La promenade des russes
Sonia a toujours vécu avec Babouchka, sa grand- mère, car sa mère , constamment en fuite dans les voyages, ne passe la voir que de temps en temps et son père vit seul, indifférent à sa femme et sa fille.
Cette grand-mère russe, issue d’une famille proche de la dynastie des Romanov, a gardé de la période du communisme naissant la peur panique de voir sa petite-fille enlevée à tout jamais, comme le furent tant de ses proches dans ces temps de terreur. Réfugiée en France, elle ressasse sans cesse la fin monstrueuse de la famille du Tsar et prétend détenir la vérité sur Anastasia, la princesse dont on ne sait si elle a pu échapper au massacre. Régulièrement, elle écrit donc au directeur d'Historia, sans jamais obtenir de réponse.
C’est avec une sollicitude inquiète que la petite Sonia veille sur sa Babouchka, l’emmène marcher lentement sur la fameuse Promenade des anglais, l’accompagne au marché en la soutenant. Pourtant, elle rêve de pouvoir vivre normalement, de n’être plus terrifiée par les récits de massacres dont sa grand-mère l’abreuve régulièrement.
Mais un jour, cette dernière fait une chute, et doit être hospitalisée.

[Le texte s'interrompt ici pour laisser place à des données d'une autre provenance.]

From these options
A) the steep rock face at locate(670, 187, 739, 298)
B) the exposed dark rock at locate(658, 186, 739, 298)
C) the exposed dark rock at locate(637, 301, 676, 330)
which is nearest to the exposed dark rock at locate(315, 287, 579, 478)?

Ces quelques jours de liberté pour la jeune enfant, d’éloignement entre ces deux êtres étroitement liés, vont les amener à se rencontrer, autrement...
Commentaire
Entre cette grand-mère russe toujours plongée dans le temps des tsars, puis dans celui de la terreur et des rafles des années révolutionnaires, et sa petite-fille née en France et ne souhaitant rien d’autre que d’y vivre normalement ; entre cette grand-mère qui lutte contre le vieillissement et sa petite-fille dont la jeunesse s’épanouit, il existe un lien d’amour puissant, mais celui-ci s’exprime essentiellement dans la peur qu’elles s’échangent et partagent à des degrés divers.
Véronique Olmi, en fine analyste de l’âme humaine, parsème discrètement les indices de cet amour et de cette attention à l’autre qui, faute d’être dits, se muent en angoisses, en culpabilités, en souffrances.

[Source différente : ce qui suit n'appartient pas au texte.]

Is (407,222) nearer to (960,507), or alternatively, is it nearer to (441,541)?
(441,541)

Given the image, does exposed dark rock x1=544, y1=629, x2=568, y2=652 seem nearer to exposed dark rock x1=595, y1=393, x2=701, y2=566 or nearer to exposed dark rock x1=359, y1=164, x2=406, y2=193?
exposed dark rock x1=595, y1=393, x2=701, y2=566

Mieux même, la communication de l’angoisse est la manière par laquelle la grand-mère en appelle à l’écoute de sa petite-fille afin de pouvoir enfin lui parler véritablement, comme elle est, chez Sonia, la façon de refuser cette écoute d’un autre âge.
Dans ce très beau roman, l’auteur nous délivre, une fois encore, le message déjà diffusé ailleurs en ses ouvrages : parmi les souffrances humaines, il y en a tant qui sont des appels méconnus
Une fois de plus, je dois à la Muse agitée (dont je recommande, au passage, le blog éclairé) la lecture de cette œuvre subtile sous des dehors parfois caricaturaux.
Merci !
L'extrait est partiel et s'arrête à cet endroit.